Plums are especially wonderful at this time of year! The flavours are quite pronounced - sweet on the inside and that lovely tart skin on the outside. Of course they are better fresh, but if you want to make a special seasonal cake this is a great one that still show cases that ultimate plum flavour. Serve this cake with a thick creamy yogurt, and some lemon curd.
This cake is adapted from a Martha Stewart recipe.
170grams unsalted butter
1 1/2 cups of Plain Flour
1/2 teaspoon baking soda
pinch of salt
1 cup caster sugar
4 free range eggs
1 teaspoon vanilla extract
1 teaspoon grated lemon zest
1/4C sour cream
4 Pernel Plums(pitted and cut into 8ths)
Icing Sugar for dusting.
1. Preheat oven to 180 degrees. Butter a 22cm cake pan and line the base with baking paper.

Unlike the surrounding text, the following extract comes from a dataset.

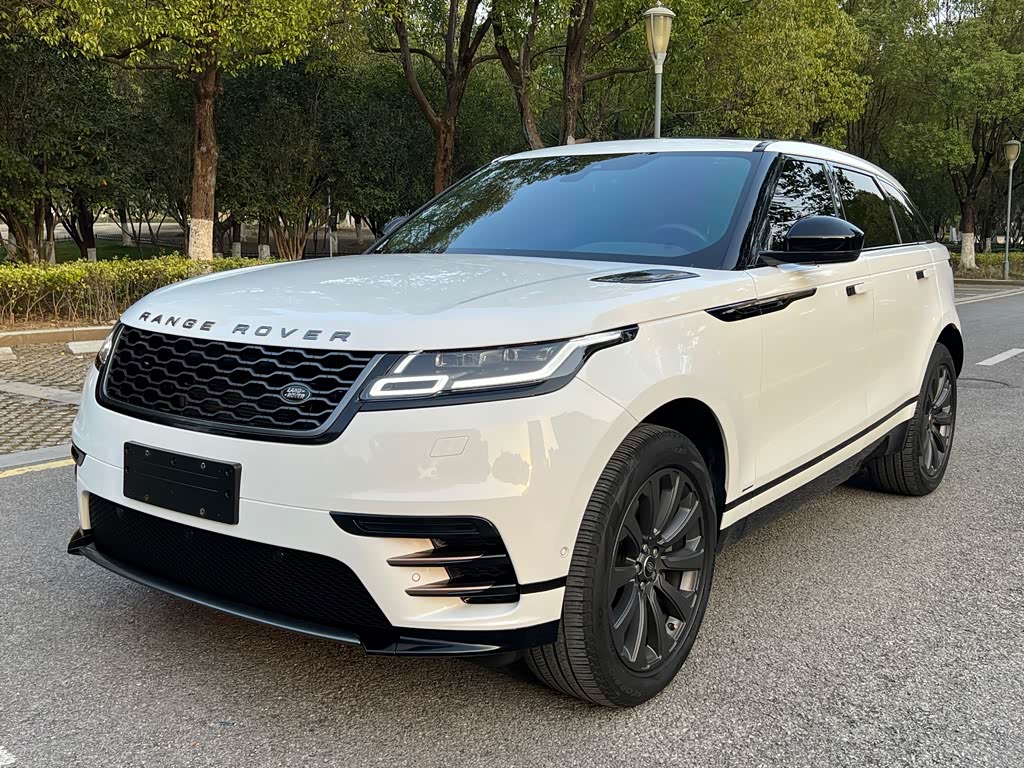 Range Rover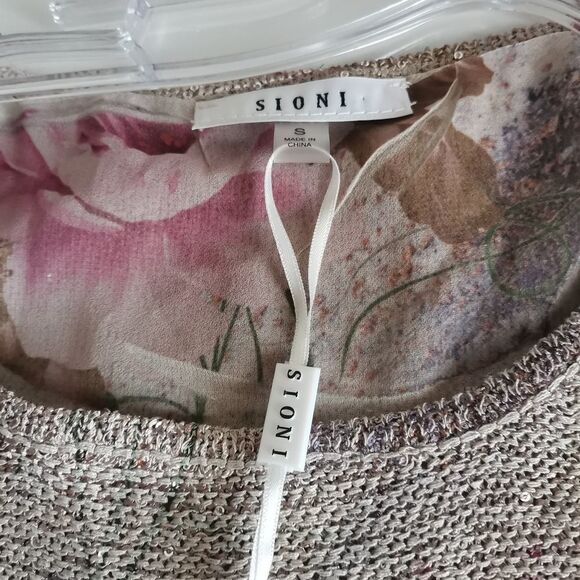 Sioni Top - Picture 5 of 5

2. Beat the softened butter and sugar until fluffy. Beat in the eggs one at a time until they are incorporated. Stir in the vanilla and lemon zest.

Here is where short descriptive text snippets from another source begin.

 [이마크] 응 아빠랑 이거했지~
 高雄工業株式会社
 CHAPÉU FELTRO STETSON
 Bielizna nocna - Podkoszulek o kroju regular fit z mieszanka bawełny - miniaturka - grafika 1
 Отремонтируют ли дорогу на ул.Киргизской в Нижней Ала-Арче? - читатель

3. In a separate bowl whisk together the flour, baking soda and salt.
4. Add half of the flour mixture to the butter/egg mixture and mix until just incorporated, then add the sour cream. Add the remaining flour and mix until combined.
5. Spread the batter into the cake pan and smooth the top with a warm knife (run it under hot water, this saves the batter from sticking too much).

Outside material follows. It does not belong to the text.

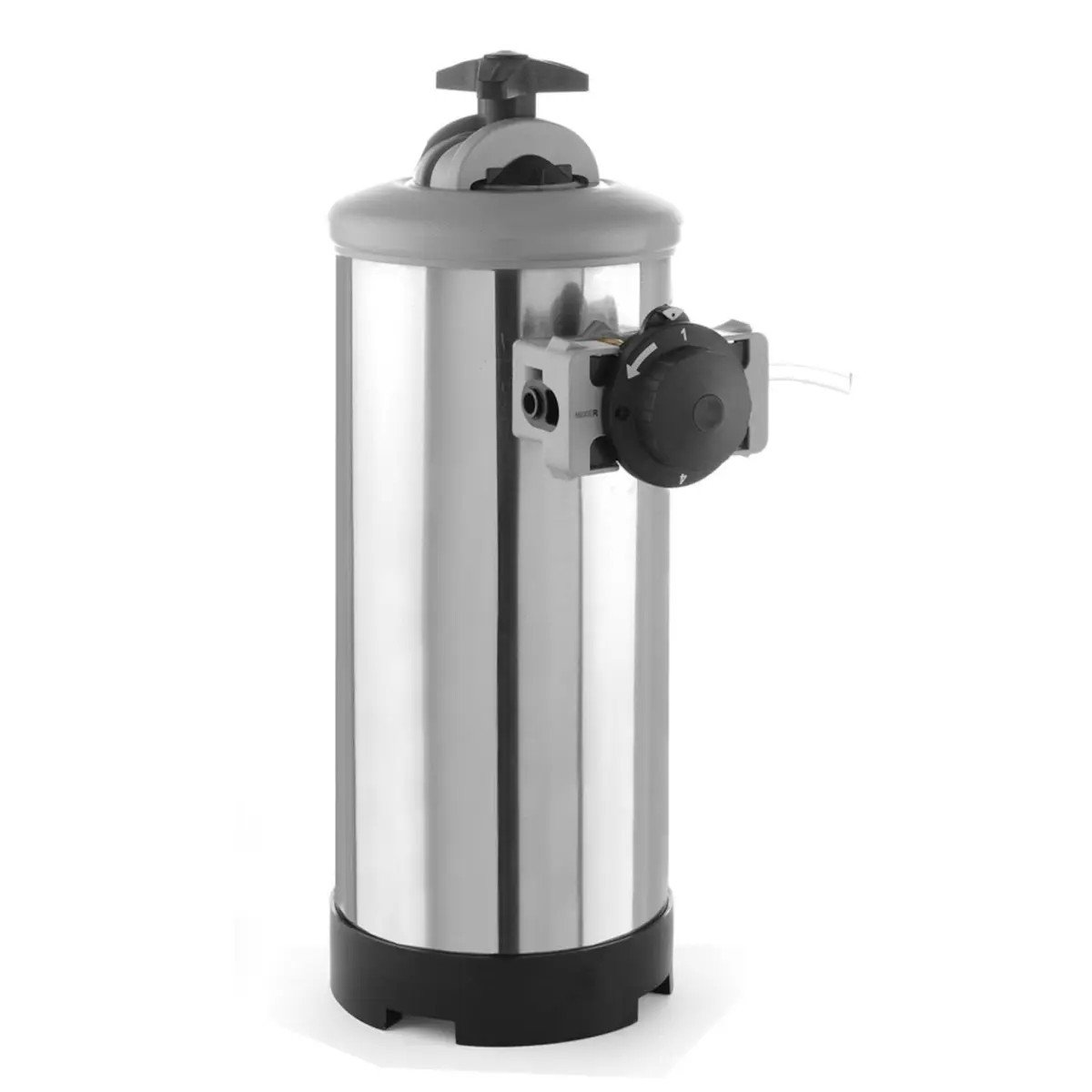 Hendi water softener 12L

6. Toss the pieces of plum with a sprinkle of flour, then lay them on the top of the cake batter and push them down (not too far down, you want to see part of them on top).
7. Bake in the oven for 35-40min. Check after 30minutes. If it is starting to brown on top but is not cooked cover it with tin foil. You can test whether it is cooked by inserting a skewer. If it comes out clean and dry it is cooked.